● **WHAT IS REQUIRED**
Write out the data below in full, unchanged, minus the images.

● **GIVEN DATA**
==================================================
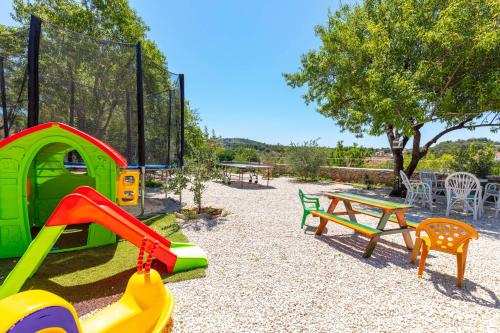 Villa Vicina Villa Vicina Milna is a popular choice amongst travelers in Brac Island, whether exploring or just passing through. The hotel offers a wide range of amenities and perks to ensure you have a great time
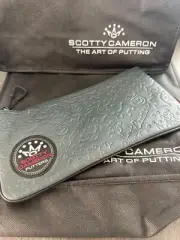 New Scotty Cameron putters gray cash bag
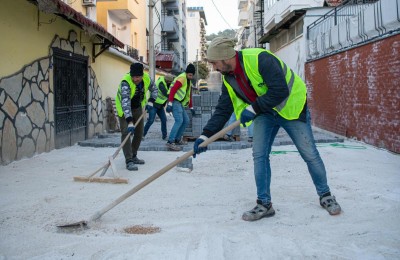 KUŞADASI BELEDİYESİ’NDEN HACIFEYZULLAH MAHALLESİ’NDE KESİNTİSİZ YOL MESAİSİ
==================================================
● **ANSWER TO THE PROBLEM**
 Villa Vicina Villa Vicina Milna is a popular choice amongst travelers in Brac Island, whether exploring or just passing through. The hotel offers a wide range of amenities and perks to ensure you have a great time
 New Scotty Cameron putters gray cash bag
 KUŞADASI BELEDİYESİ’NDEN HACIFEYZULLAH MAHALLESİ’NDE KESİNTİSİZ YOL MESAİSİ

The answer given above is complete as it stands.